When I talk about the absolute importance of play to the long-term success of a relationship, couples sometimes look at me in disbelief. Are you
kidding? Play? Who cares about playing? That's for kids! Who's got time?
But . . . show me a couple who has lost their zest for having fun and I'll show you
a couple whose relationship is b-o-r-i-n-g! And a couple whose hidden relationship problems may be keeping them from having fun.
Play is so critical to the
success of a romantic relationship it's hard to overstate it. If you want to give your relationship a shot of adrenalin, try using a strategy I often recommend to my
clients. Sometimes it's even possible for a couple to rescue their relationship by simply having more fun!
It will help you to have a healthier relationship and
keep your relationship young and vital.
Strategy
Find, steal, take or make more time to play and enhance your relationship . . . and watch it
become a more loving one.
You can begin by writing in a play-date on your calendar. No matter how long you've been together, a couple can benefit from a
little more play time. So why not make a date to go out and have some fun?
But be careful . . . don't fall into this trap - a trap I've seen many times when
working with married and unmarried couples.
Whenever couples try to play more, one partner often tends to arrange a play activity that he/she likes but the
other one does not!
For example, a spouse who loves to bowl sets up an outing to the bowling alley. He or she has a good time, but the other spouse, who is
not a good bowler, hates every second of it! The couple gets discouraged because they can't seem to have fun together.
It's important not to start a
competition. Or to have one partner teaching the other how to learn a new sport or skill. What happens is not play, but frustration . . . it's stressful and little
fun.
Do Something You Both Like
A better choice is to select an activity that both partners will look forward to doing. The idea is to make it
as much fun as possible for BOTH.
To make this easier, each partner can write a list of recreational and play activities that he/she really enjoys. Then the
two can choose an activity that is on BOTH lists.
Tips
Also, it is wise to avoid heavy conversations or problem solving discussions when you
begin the activity. Just go and have a good time. Forget about your problems and keep it as stress-free as possible.
Case Example
One of my couple clients decided they wanted to do something different. So they went to play video games at a popular game room - one mostly kids
frequent. This was a new experience for them, as they had only played games at home.

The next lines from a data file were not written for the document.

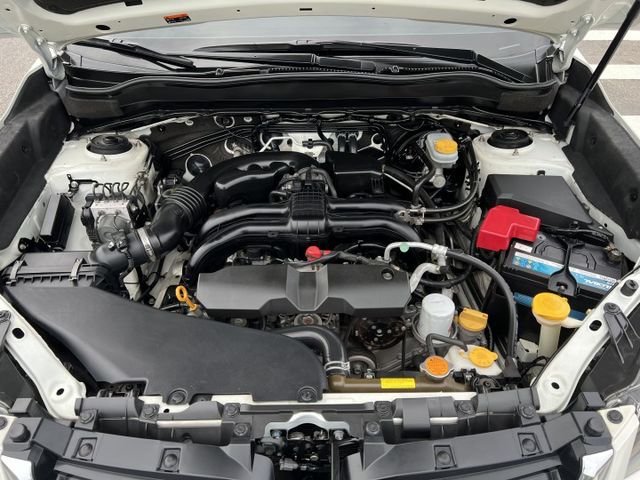 【2.0 i-P 新車114萬】原鈑認證車 里程保證 四輪傳動 全景 盲點 小改款LED主動轉向頭燈 電尾門 CP值超高  第19張相片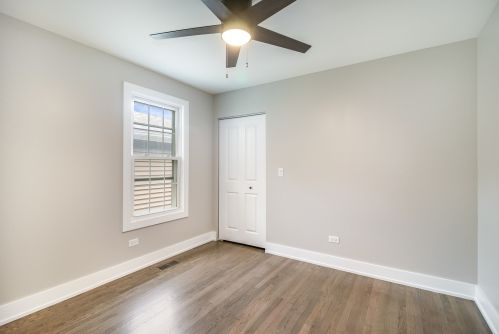 5621 Ozark Ave, Chicago IL  60631-3317 exterior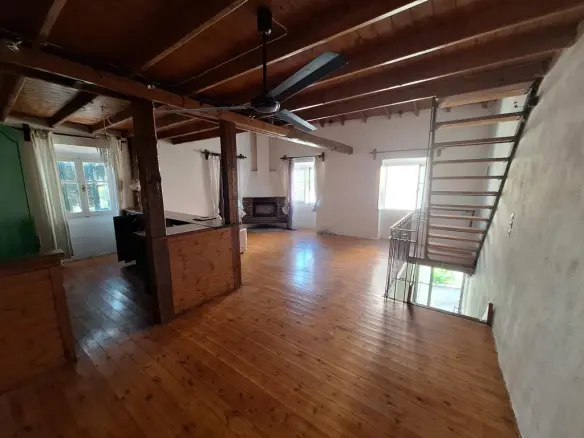 Maisonette Of 150 M² In Corfu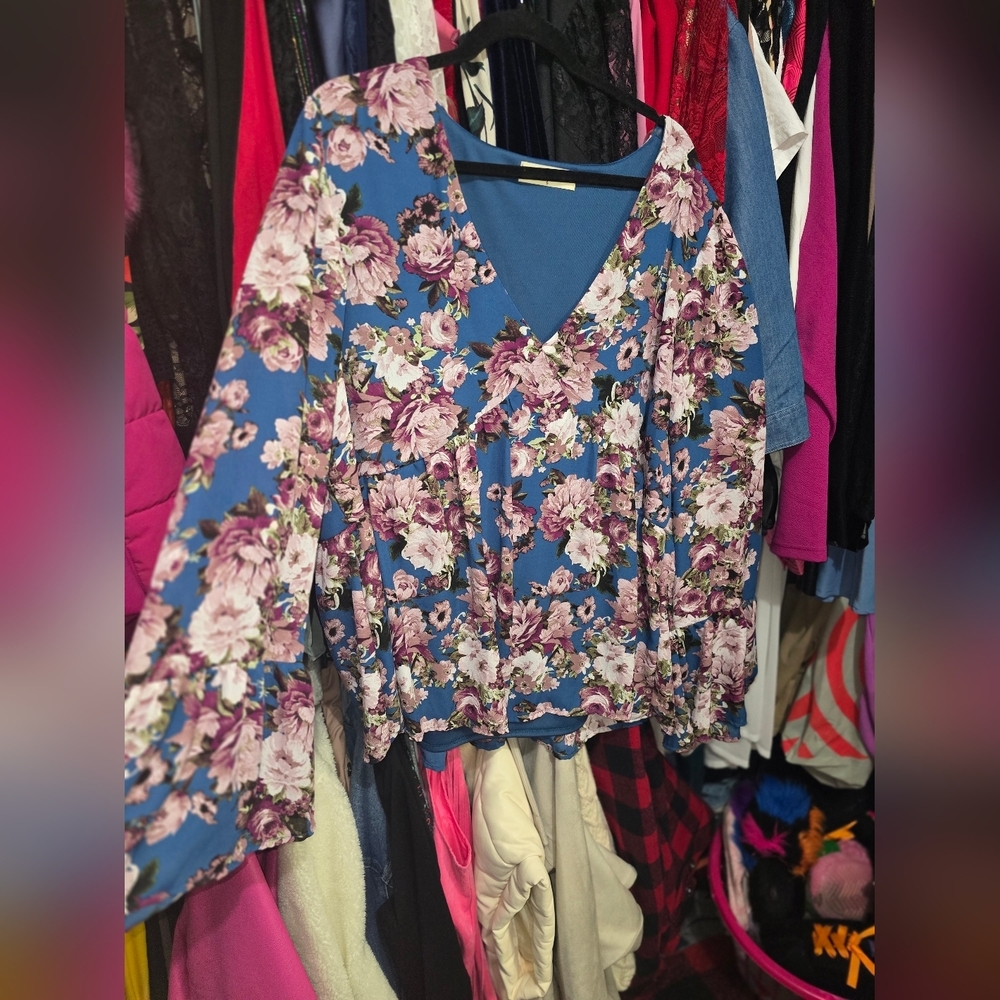 NWOT A BEAUTIFUL SOUL Bell Sleeve Blouse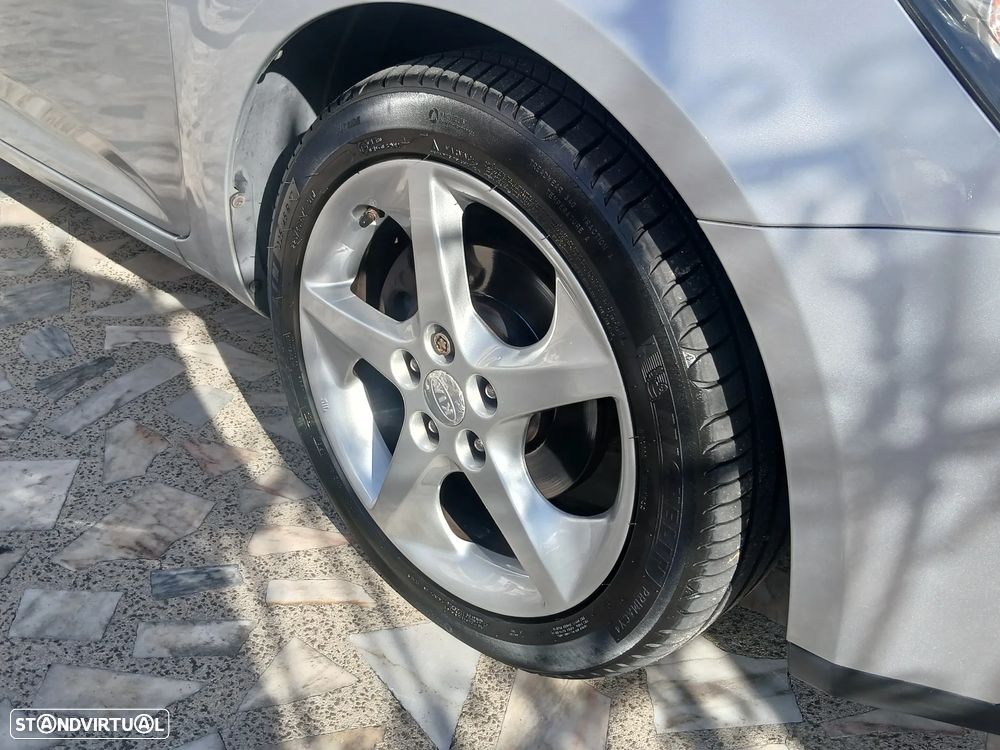 Kia Ceed SW 1.6 CRDi ECO - 10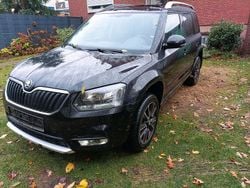 Schwarz Gebraucht 2015 Skoda Yeti SUV | 5.700 € (Guter Preis)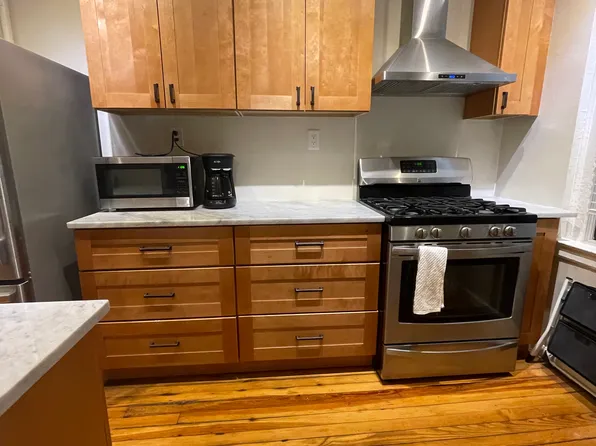 414 West 121st Street image 4 of 10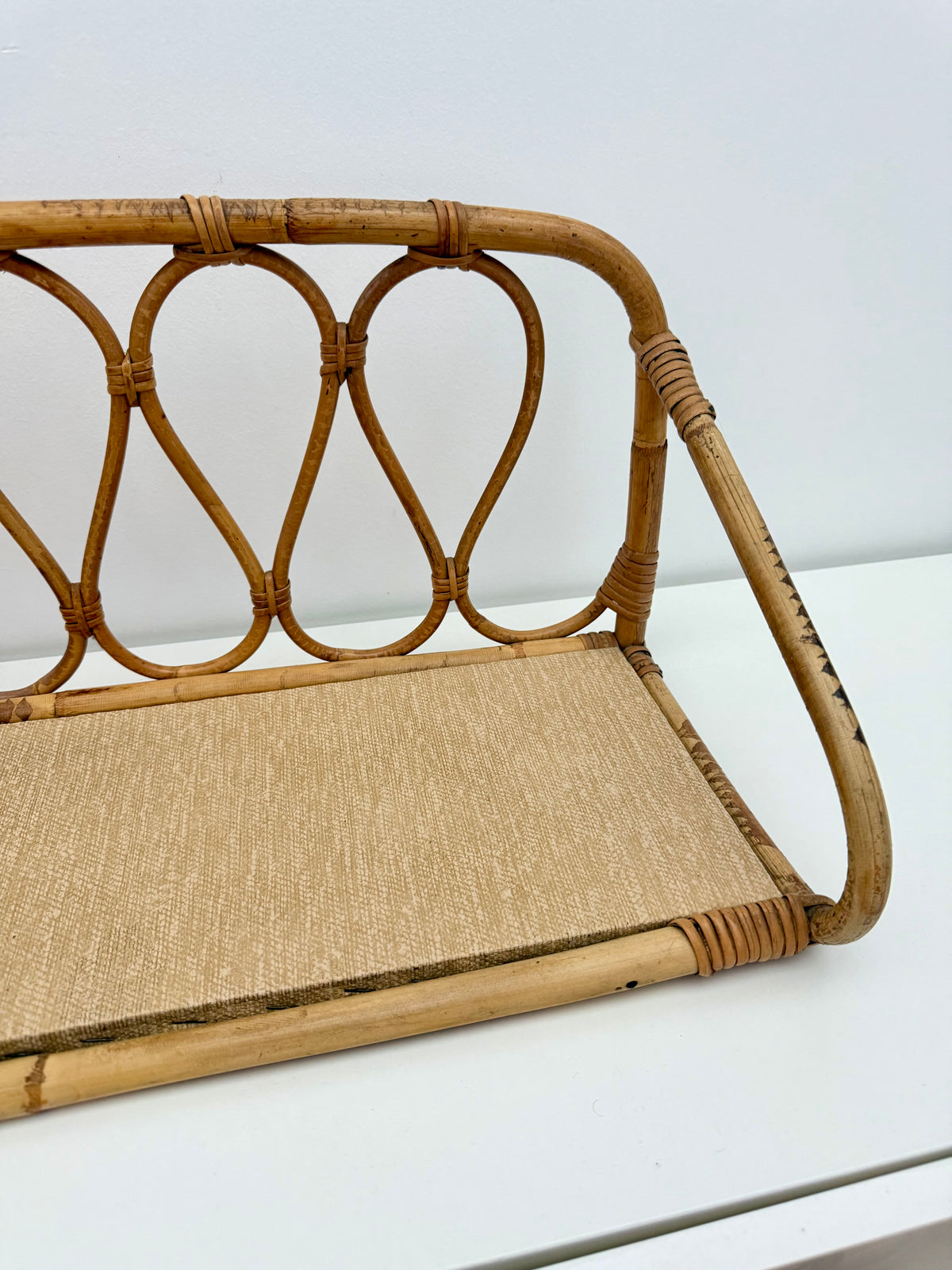 Paire d’étagères vintage en rotin et bambou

Well, they played as hard as children and had the time of their
lives.
Now they are hooked on playing arcade games together, and make time to go as often as possible. Be willing to learn from this successful couple
and try new things!
You and your partner can get closer and have more fun together if you find more time for fun and games! The more responsibilities
you have, the more stressful your life, the more you need to find time for play in your marriage or romantic relationship.
Remember: no serious talks
and no competition . . . just throw yourselves into the activity and have fun enjoying each other's company. And laugh all you can.
Laughter is one of nature's
greatest anti-depressants.
If you let go of your inhibitions and play like the child you used to be, your relationship will soar to new heights, your love will grow
stronger and your sex life may sizzle like never before!